Ces proverbes traduisent donc l’intransigeance et la rigueur de la parole de la vérité, et invitent chacun des membres à faire un bon usage de la parole parlée. En restant honnête, en

disant la vérité et en respectant l’éthique de la promesse, on participe au meilleur vivre- ensemble, au savoir-être et au bonheur de tout un chacun.

b) Le refus du meilleur argument

Le refus du meilleur argument mérite également de figurer sur ce tableau du mauvais usage de la parole parlée. Dans l’univers luba-kasaï, tout refus du meilleur argument ou le simple refus de dire la vérité est considéré comme une violence qui parle, une violence qui cherche à tout prix à avoir raison. Comme le dit aussi Paul Ricœur, « L’acte de dissimuler la vérité dans l’exercice du langage est une violence qui se déplace dans une orbite de la raison et qui commence déjà et même de fait à se nier comme violence »78. Par une fausse argumentation

ou par la manifestation de la mauvaise foi et le mensonge, un tel individu est considéré chez les Luba comme un danger public, car il peut provoquer le déséquilibre dans la vie de la communauté et biaiser l’élan de la recherche commune du bonheur. À ce sujet les Baluba disent :

Mukana mudi mvita tshilumbu tshidimu : dans la bouche où il n’y a que de la violence, il y a également un faux argument, un mensonge ou un faux témoignage.

Buapua Buapua mukana mua muenabo : c’est de la bouche de celui qui l’a prononcée qu’il faut juger. Sur ce même dicton : il faut juger celui qui dit le mensonge et biaise l’argument.

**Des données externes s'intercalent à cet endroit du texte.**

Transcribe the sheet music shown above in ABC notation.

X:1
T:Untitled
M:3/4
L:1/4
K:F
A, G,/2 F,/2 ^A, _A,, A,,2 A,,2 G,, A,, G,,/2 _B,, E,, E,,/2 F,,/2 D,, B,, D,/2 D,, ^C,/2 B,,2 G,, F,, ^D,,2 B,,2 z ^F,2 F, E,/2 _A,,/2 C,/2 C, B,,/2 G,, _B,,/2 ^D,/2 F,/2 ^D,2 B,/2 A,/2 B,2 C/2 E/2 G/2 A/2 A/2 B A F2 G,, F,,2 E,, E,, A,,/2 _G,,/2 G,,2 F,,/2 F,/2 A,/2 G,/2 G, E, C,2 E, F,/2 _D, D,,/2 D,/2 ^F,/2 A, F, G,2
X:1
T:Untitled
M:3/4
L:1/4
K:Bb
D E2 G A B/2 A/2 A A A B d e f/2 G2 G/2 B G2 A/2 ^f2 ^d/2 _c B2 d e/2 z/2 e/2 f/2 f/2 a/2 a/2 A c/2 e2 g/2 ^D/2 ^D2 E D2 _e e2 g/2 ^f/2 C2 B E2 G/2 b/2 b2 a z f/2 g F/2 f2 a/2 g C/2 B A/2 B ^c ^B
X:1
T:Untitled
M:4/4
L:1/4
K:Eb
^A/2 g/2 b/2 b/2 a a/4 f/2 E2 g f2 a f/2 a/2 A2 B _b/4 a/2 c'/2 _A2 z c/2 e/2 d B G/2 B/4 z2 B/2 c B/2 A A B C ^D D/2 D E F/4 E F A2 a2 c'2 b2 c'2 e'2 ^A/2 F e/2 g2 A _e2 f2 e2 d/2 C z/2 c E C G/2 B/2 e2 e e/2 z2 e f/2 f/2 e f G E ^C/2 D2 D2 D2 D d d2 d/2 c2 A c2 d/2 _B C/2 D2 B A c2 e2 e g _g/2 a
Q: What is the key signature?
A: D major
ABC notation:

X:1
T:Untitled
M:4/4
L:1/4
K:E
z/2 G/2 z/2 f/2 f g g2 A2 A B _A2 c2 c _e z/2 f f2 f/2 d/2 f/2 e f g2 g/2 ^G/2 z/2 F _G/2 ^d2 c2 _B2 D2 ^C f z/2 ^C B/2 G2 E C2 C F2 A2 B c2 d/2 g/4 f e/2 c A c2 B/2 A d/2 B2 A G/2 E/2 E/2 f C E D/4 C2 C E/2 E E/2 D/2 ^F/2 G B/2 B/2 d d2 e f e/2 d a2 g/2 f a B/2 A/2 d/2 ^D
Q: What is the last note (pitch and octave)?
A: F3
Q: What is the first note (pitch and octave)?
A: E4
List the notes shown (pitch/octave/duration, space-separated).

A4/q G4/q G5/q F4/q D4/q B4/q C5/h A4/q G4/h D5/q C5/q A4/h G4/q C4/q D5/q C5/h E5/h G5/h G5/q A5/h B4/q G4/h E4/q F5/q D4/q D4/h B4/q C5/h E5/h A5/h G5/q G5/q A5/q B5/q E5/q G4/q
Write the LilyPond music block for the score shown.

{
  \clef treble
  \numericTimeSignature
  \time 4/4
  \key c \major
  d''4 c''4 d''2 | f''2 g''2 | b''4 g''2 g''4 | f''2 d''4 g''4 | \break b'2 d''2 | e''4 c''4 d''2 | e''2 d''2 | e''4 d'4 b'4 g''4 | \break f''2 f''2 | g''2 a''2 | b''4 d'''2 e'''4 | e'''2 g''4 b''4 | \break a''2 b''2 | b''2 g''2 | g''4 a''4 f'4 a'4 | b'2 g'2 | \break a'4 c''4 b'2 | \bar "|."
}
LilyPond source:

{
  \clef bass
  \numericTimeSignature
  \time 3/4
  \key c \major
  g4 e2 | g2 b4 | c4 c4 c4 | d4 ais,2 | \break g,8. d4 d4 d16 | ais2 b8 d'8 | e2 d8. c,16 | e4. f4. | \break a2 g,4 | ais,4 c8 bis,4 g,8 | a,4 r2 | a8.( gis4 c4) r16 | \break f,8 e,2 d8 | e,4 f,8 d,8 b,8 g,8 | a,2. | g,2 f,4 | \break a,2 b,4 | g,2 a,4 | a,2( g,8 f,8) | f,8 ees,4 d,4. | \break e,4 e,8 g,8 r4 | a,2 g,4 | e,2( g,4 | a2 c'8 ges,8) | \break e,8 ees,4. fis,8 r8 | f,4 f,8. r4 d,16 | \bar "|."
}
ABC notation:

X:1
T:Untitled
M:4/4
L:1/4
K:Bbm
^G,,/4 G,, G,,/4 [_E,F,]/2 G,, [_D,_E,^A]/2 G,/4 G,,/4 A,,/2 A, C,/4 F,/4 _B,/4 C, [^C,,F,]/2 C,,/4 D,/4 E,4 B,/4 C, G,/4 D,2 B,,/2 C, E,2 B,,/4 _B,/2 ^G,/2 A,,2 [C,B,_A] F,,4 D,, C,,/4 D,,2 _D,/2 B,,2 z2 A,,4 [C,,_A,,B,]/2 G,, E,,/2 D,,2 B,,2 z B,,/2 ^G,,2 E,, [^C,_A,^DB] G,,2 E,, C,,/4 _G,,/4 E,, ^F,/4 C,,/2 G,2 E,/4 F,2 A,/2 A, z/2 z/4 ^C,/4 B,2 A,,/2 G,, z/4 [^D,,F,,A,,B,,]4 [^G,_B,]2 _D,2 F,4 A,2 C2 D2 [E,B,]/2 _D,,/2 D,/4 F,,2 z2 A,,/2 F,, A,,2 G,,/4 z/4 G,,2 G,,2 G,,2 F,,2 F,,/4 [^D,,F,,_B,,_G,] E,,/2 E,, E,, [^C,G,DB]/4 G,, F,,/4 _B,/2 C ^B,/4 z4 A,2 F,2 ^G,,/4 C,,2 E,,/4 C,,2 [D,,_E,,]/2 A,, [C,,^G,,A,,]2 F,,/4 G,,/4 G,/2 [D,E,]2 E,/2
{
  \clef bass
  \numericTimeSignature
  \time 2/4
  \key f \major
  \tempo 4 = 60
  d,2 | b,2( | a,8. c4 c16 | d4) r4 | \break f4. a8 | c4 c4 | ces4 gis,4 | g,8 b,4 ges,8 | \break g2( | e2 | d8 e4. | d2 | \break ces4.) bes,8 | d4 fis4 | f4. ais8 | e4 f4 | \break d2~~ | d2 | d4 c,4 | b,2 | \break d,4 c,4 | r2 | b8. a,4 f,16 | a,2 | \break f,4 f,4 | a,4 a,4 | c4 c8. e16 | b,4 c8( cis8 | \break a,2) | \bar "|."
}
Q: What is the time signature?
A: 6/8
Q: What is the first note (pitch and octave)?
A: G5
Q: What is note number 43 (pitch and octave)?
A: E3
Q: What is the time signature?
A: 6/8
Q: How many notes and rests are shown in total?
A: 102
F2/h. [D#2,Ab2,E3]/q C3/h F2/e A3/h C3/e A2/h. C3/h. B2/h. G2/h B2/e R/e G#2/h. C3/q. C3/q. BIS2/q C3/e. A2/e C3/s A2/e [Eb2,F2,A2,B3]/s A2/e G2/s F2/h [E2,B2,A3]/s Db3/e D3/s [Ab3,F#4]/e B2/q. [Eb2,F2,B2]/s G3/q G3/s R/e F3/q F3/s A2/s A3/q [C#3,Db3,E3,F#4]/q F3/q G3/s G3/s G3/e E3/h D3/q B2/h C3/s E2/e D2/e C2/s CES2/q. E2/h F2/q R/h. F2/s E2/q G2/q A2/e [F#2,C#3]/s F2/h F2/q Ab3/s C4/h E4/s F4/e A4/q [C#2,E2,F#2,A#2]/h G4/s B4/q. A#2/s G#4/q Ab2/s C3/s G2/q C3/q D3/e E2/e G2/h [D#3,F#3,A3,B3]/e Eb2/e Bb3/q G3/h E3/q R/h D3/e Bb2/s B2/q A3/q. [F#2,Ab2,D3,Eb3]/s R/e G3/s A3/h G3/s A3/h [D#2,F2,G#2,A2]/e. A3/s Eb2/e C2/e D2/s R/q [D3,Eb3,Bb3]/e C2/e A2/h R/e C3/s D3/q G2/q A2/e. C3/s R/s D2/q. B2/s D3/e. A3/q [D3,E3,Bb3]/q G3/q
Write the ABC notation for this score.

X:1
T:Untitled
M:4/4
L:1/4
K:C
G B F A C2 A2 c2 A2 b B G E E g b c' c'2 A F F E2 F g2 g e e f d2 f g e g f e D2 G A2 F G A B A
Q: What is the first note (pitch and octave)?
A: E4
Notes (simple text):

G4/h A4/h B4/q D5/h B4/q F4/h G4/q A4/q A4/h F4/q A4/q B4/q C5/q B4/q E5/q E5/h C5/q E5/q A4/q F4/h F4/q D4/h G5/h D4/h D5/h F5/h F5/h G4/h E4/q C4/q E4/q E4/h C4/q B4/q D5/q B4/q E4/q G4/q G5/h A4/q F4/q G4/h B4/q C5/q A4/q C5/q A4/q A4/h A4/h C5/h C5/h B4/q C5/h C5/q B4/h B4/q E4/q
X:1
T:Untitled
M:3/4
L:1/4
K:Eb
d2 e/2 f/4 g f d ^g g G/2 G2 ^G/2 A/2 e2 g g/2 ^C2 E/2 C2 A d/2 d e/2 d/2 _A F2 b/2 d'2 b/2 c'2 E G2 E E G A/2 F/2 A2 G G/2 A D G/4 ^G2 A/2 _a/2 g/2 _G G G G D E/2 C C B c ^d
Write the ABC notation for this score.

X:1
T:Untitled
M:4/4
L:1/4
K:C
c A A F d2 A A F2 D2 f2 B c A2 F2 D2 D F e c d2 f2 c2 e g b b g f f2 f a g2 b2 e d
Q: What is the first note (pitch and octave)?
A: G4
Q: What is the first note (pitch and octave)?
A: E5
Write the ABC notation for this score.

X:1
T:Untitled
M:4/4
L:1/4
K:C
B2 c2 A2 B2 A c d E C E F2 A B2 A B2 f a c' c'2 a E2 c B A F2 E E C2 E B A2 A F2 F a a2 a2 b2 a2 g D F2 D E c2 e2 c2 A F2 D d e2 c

Les Luba pensent aussi que celui qui parle trop, qui cherche à justifier ses actes ou autre comportement en dissimulant la vérité et en avançant un faux argument est un manipulateur des hommes, et par conséquent il fait un mauvais usage de la parole. En langue Tshiluba, pareille personne n’est désignée du nom de « Kalaba ». Une personne qui intervient à tout moment et, à toute prise de parole dit le mensonge et fausse l’argument :

Muntu mulabakana : qui parle beaucoup (un beau parleur), un menteur.

Wakula bia bungi : un individu qui ne se gêne pas, qui intervient dans tout et dans toute conversation. Pareil individu finit toujours par mentir et fausser l’argument.

Muakudi wa dilambu : un individu qui visiblement donne un faux argument ou prétend toujours dire la vérité, alors que son argument est faux.

Ka mukana muebe kakupa dibanza : c’est ce qui sort de ta bouche qui te nuit toi- même, qui te souille. Pareille personne est assimilée au menteur, Muena dishima. L’idée qui ressort de ces dictons est qu’il faut un meilleur argument qui traduit la vérité, être correct dans le langage, le comportement et les gestes, pour ne pas se nuire à soi-même et au bonheur des autres membres ; il faut éviter de se créer des problèmes ; il faut rester véridique et transparent. Pour les Luba-Kasaï, la perversion de la vérité est un motif sérieux non seulement de condamnation de l’individu incriminé, mais également de mépris ou de rejet total.

Pour tenter de conjurer cette tendance, les Luba-Kasaï ont codifié, d’une part, l’usage de la parole de la bienveillance comme un acte de promotion de la vie et du bonheur partagé, et d’autre part, la finitude structurelle inhérente à toute parole parlée comme une ouverture à l’émergence des diverses formes de pensées et de visions particulières, de la recherche de l’altérité. En plus bref encore, l’acte de dire dans l’univers luba demeure ontologiquement non seulement l’acte de la parole de la vérité, de la parole de sens, mais aussi et surtout l’acte d’ouverture et de la pluralité des perspectives.